My daughter is quiet. Her mind hums with thoughts, and hearing them is a precious occurrence. Even in her quieter nature, she grins because she gets the joke. She’ll smile and assure her brother that “daddy’s just joking.” He’s not really going to let us drive the car, and our dog doesn’t really turn into a wolf at night. 

The work of raising her is gentle and delicate, so I remind my hands to be tender. I can make her wither with just a look, and she’ll run crying to her room. And I can whisper in her ear at bedtime that I am so proud of the girl she is and watch her radiate in the darkness.  

My son is not easily corrected. He can be rough, loud, talkative. He is constantly synthesizing language, he has figured out adults find his words amusing. He describes himself as “pretty soggy wet” after he runs through rain and warns us to stay inside because “thunder’s cracking down.” If he talks himself into a bind, he’ll mumble a little to find his way out. 

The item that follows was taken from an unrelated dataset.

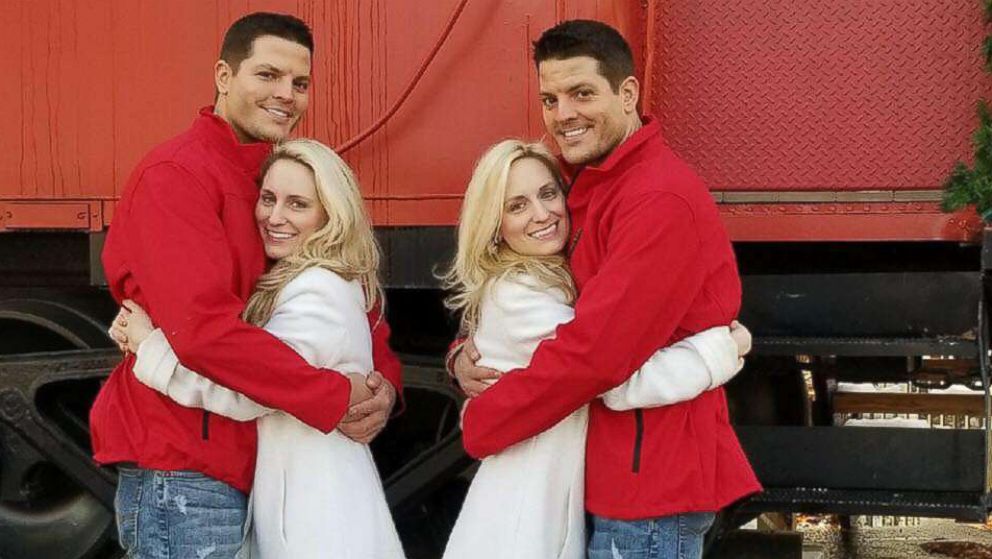 Twins Josh and Jeremy Salyers with their soon-to-be-wives twins Brittany and Briana Deane.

He wants the world to shake around him, to walk on walls, break things, rebuild them. I shower him with affection, all the while working to break him like a wild horse–to teach him how to submit, respect authority, use his hands to build and protect, while solidifying in his core truth that can never be stolen: daddy loves you. 

They are both so different and I will study them all my life.  

I believe it when others tell me to cherish this time because it goes quickly. I will never again have this opportunity to shape them to be adults who help and heal, and not hurt. The hope is I won’t look back with sorrow or regret, but with joy because I worked to be present with them, to pay attention to them. I am learning to be a father, delighting in my children.